Dataset entries:
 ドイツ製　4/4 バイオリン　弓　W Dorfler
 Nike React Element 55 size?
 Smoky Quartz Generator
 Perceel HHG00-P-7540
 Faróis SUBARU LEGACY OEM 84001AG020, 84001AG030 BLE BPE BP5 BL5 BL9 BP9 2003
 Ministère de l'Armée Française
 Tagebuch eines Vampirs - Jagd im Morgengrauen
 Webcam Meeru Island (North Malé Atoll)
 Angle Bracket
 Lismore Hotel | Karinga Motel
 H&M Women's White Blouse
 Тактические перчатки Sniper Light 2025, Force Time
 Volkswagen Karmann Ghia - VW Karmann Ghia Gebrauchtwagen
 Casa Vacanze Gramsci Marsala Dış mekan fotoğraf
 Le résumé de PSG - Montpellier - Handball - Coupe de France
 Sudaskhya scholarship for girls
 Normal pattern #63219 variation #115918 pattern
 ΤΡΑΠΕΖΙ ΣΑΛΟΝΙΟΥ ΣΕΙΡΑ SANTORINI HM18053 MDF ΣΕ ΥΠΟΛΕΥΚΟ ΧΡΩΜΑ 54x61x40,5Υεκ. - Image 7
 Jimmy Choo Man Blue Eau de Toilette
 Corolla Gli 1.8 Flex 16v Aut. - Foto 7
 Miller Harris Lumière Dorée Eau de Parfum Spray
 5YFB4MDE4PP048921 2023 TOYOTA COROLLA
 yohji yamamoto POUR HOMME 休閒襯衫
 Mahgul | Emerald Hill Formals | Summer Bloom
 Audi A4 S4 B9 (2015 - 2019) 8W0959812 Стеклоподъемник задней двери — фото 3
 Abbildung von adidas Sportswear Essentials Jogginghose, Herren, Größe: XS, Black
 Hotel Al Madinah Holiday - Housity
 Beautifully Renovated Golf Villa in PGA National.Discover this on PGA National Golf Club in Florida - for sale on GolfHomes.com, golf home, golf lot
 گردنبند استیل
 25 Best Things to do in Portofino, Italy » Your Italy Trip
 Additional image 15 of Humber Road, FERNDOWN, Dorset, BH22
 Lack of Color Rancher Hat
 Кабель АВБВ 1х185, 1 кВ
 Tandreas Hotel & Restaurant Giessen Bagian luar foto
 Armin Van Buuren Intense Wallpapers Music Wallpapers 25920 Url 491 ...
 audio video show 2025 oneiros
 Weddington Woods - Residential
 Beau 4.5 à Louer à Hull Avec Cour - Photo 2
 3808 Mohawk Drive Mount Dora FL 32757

What the exercise asks:
In the listing above, find the lines holding the word "Hotel" and copy them.

Reply:
 Lismore Hotel | Karinga Motel
 Hotel Al Madinah Holiday - Housity
 Tandreas Hotel & Restaurant Giessen Bagian luar foto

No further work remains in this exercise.